In contrast, taxa that contain known methanotrophs were identified in every snag. The presence of methanotrophic populations in the trunks of snags has been suspected for years [46, 47], but was confirmed for the first time in this study. Methylovirgula [91] were detected in the top 20 ASVs in 50% of the snags. The methanotrophic genera Methylocella [92,93,94] and Methylocapsa [95, 96] were found in lower relative abundance in our dataset. Methylocapsa are known to contain high-affinity enzymes that are capable of CH4 oxidation at atmospheric concentrations [95]; therefore, despite their low relative abundance, they may have a substantial impact on CH4 consumption within snags. In this study, mean trunk airspace CH4 concentrations were ca. 3–4× elevated above background atmospheric CH4, indicating an abundant CH4 supply for high-affinity oxidation.

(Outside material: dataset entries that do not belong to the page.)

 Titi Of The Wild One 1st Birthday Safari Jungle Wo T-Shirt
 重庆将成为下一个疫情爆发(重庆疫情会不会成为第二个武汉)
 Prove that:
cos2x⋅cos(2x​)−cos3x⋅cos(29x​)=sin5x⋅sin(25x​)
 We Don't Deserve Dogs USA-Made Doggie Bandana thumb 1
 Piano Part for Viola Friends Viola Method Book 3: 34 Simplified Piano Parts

Metagenomic surveys reveal that the uncultivated diversity in methanotrophic populations is likely extensive [25, 26, 39, 97, 98] and that many of these uncultivated lineages fall within taxa of bacteria (e.g., Alphaproteobacteria, Gammaproteobacteria, and Verrucomicrobia) that are known to contain methanotrophs and were identified in a high relative abundance in snags in this study. Genes associated with methanotrophy can move via horizontal gene transfer [99,100,101]. Most recently, Al-Shayeb et al. [102] identified a novel mobile extrachromosomal genetic element in Methanoperedens that supercharges methane oxidation capacity. The process of horizontal gene transfer allows for expanded functional capacities beyond what is transmitted vertically to an organism and our sequencing approach would not capture this level of functional diversity. Therefore, it is likely that the relative abundance of methanotrophic populations in our study represents a conservative estimate and that our study has not revealed the full extent of methanotrophic capacity in the microbial communities associated with snags.

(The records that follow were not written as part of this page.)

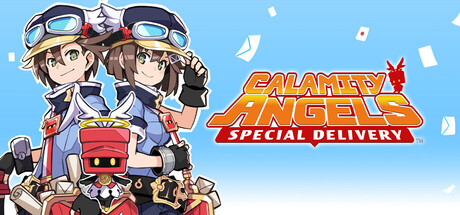 灾厄天使：特快专递｜Calamity Angels: Special Delivery｜官方中文｜7.52G｜免安装_果漫社区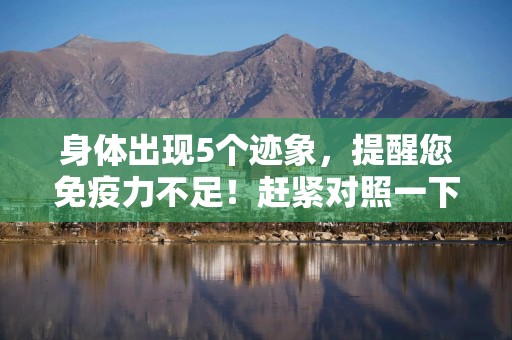 身体出现5个迹象，提醒您免疫力不足！赶紧对照一下！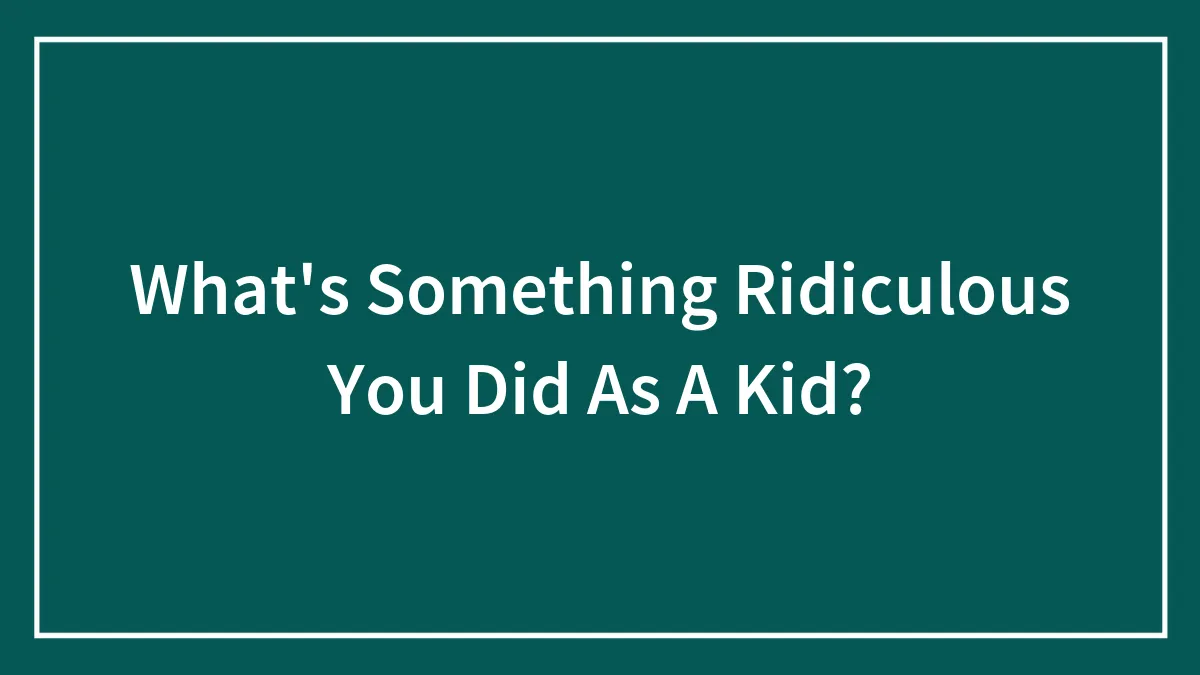 Hey Pandas! What's Something Ridiculous You Did As A Kid?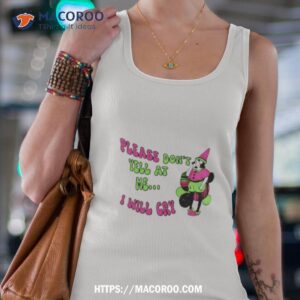 please don t yell at me i will cry t shirt tank top 4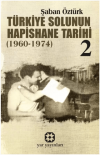 Türkiye Solunun Hapishane Tarihi 2 (1960-1974)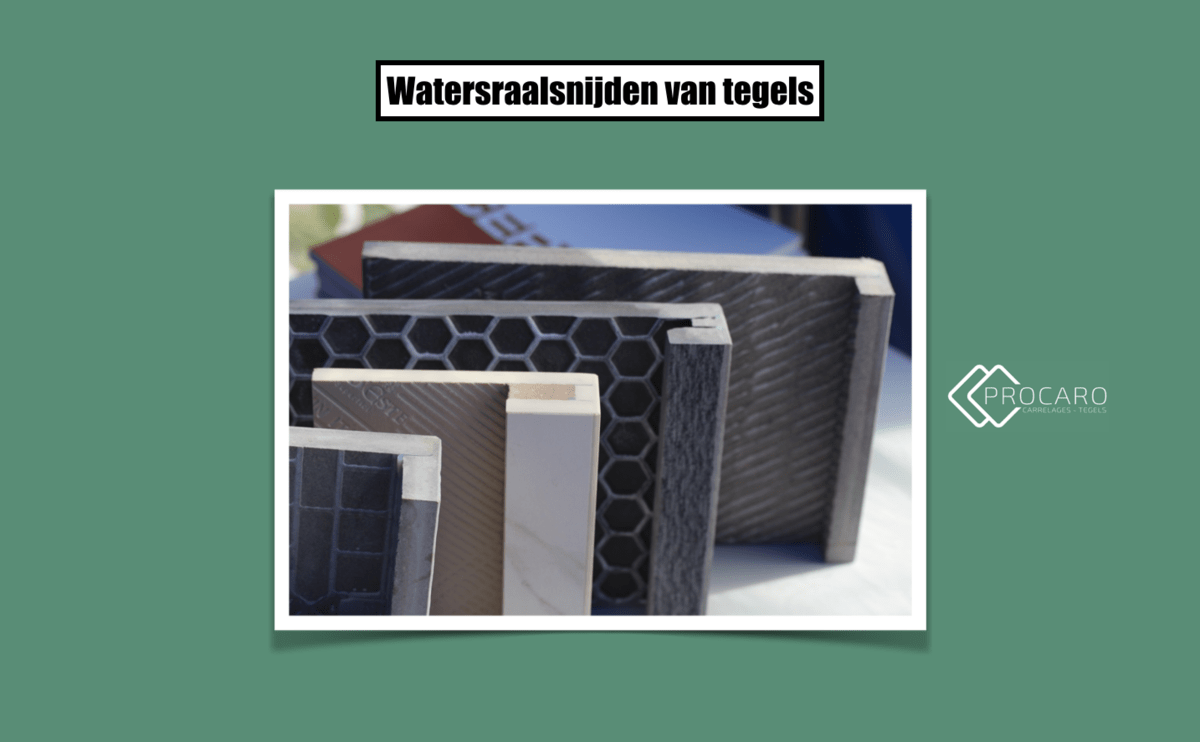 watersraalsnijden -tegels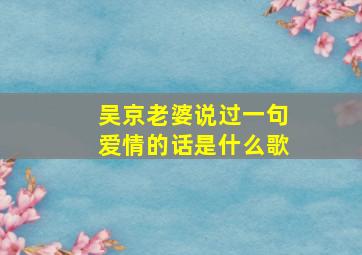 吴京老婆说过一句爱情的话是什么歌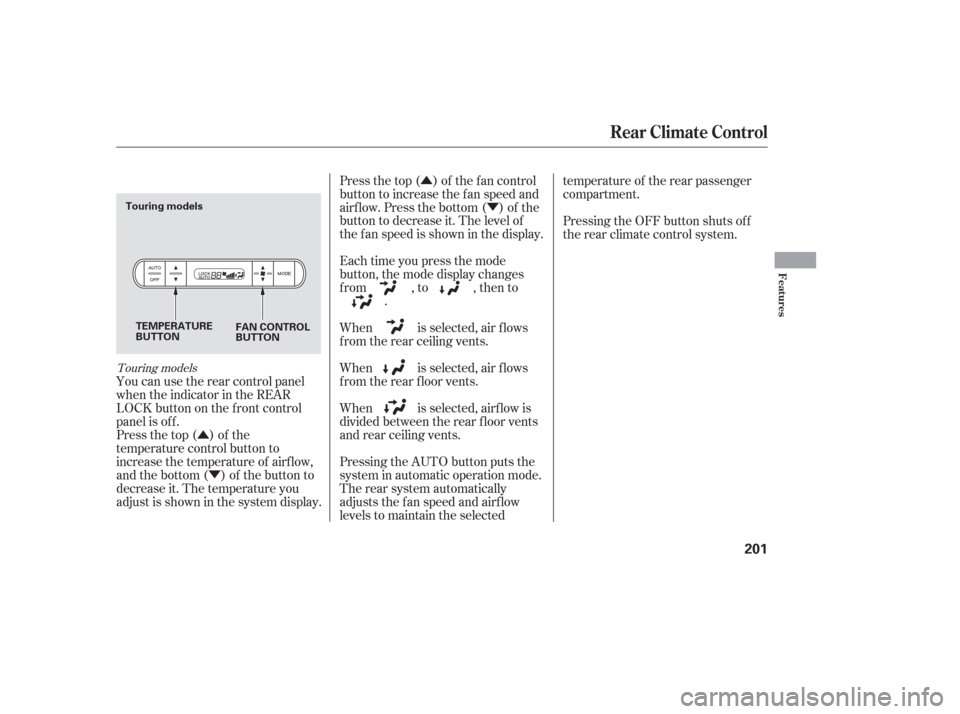 HONDA ODYSSEY 2006 RB1-RB2 / 3.G Manual PDF ÛÝ Û
Ý
You can use the rear control panel
when the indicator in the REAR
LOCK button on the f ront control
panel is off.
Press the top ( ) of the
temperature control button to
increase the tem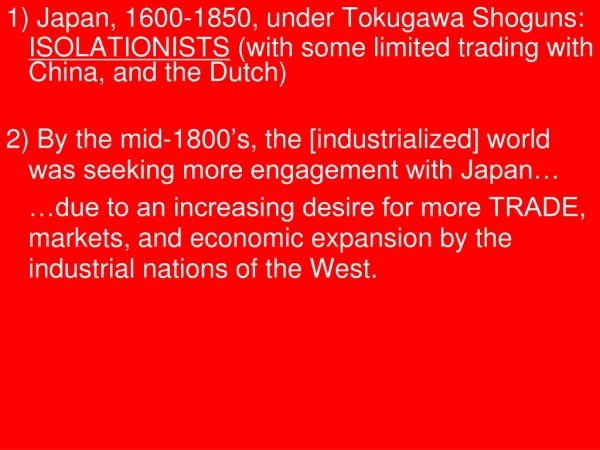 1) Japan, 1600-1850, under Tokugawa Shoguns: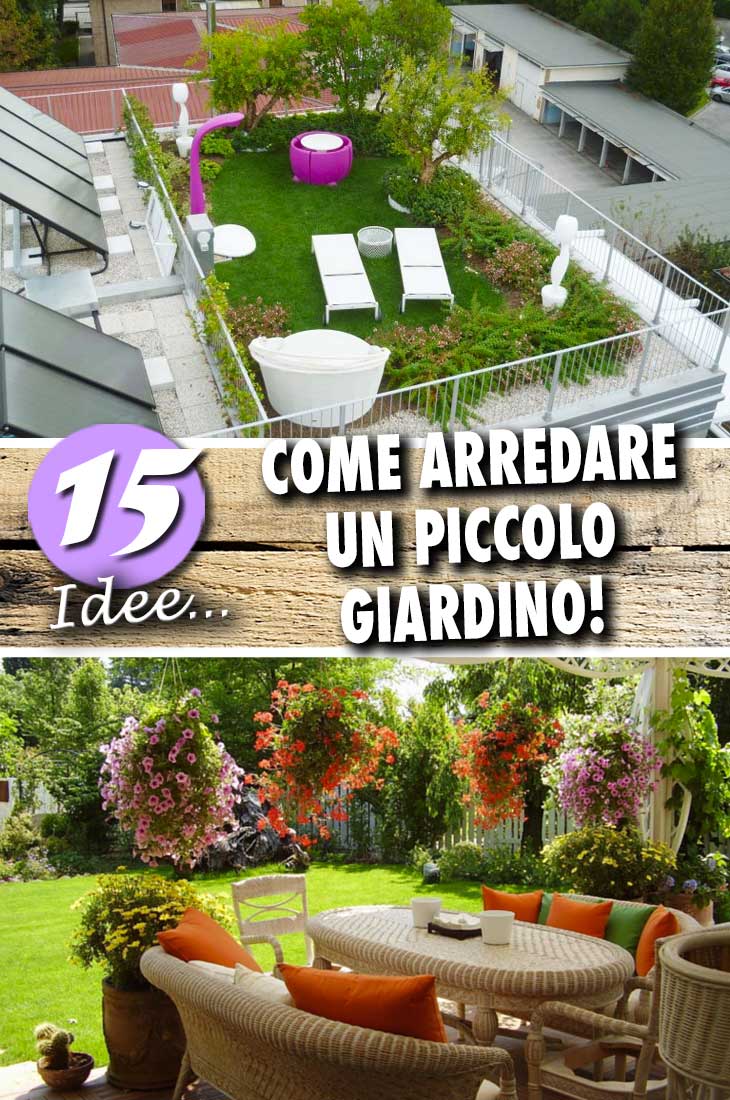 Come Arredare Un Giardino Piccolo 15 Idee Per Ispirarvi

Our data indicate that the microenvironment at the sample height was likely oxic and well-mixed with the atmosphere, conditions that would favor oxidative decomposition of deadwood and the proliferation of methane-consuming populations of microorganisms. However, if our stand was located in standing water, where waterlogging of woody tissues could lead to more extensive anoxic microsites within snags [82], microbial community structure could shift to favor methanogenesis over methanotrophy. Therefore, more research is needed to more fully resolve the abiotic factors that influence microbial community structure in standing deadwood stocks like snags [37, 83], and thus control carbon dynamics [38] in ghost forest systems.

Conclusions

Methanogens and methanotrophs have previously been identified as members of phyllosphere-associated microbial communities, and prior studies demonstrate that the relative abundance of the two functional guilds within individual trees has the capacity to influence ecosystem-level CH4 dynamics [39, 43]. In this study, we show that the balance of these guilds in snags is tipped in the favor of oxidative decomposition and CH4 consumption. These results support multiple lines of evidence from prior work at the site [33, 47] and suggest that trunk-associated microbial communities in snags may attenuate CH4 emissions across the plant-atmosphere interface.

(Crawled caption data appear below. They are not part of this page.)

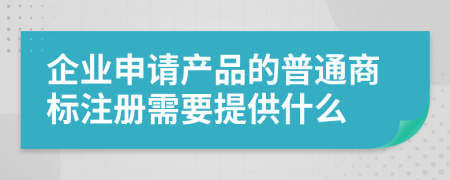 企业申请产品的普通商标注册需要提供什么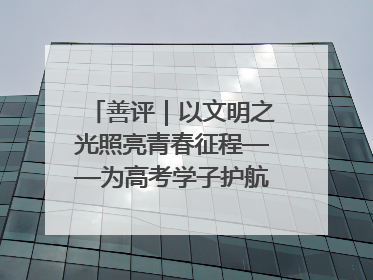 善评｜以文明之光照亮青春征程——为高考学子护航新时代成长之路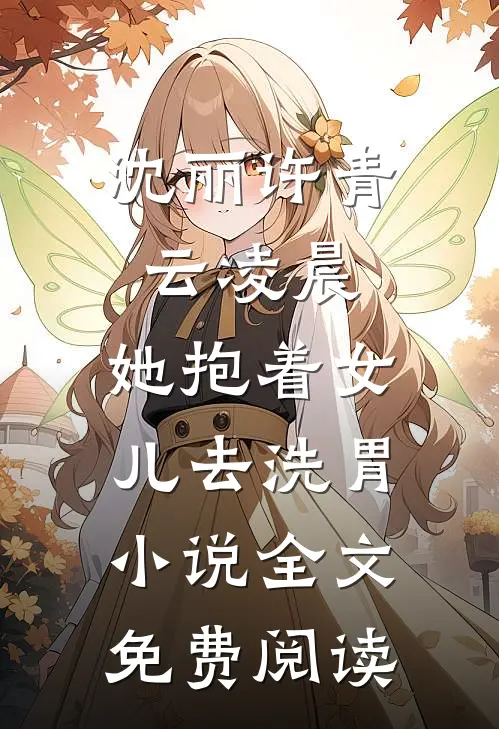 沈丽许青云凌晨，她抱着女儿去洗胃小说全文免费阅读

Although characterization of community structure is a necessary first-step, broadening 16S rRNA-based surveys to include metagenomic surveys that target the pmoA and amoA functional genes could expand our knowledge of the presence and prevalence of uncultivated lineages of methanotrophs in these environments [25, 48] and provide insight into metabolically active members of the community [39]. In addition, employing a multi-tiered biogeochemical approach (e.g., Jeffrey et al. [43]) could better resolve the quantitative importance of snag-associated methanotrophic communities in attenuating methane emissions from ghost forest wetlands.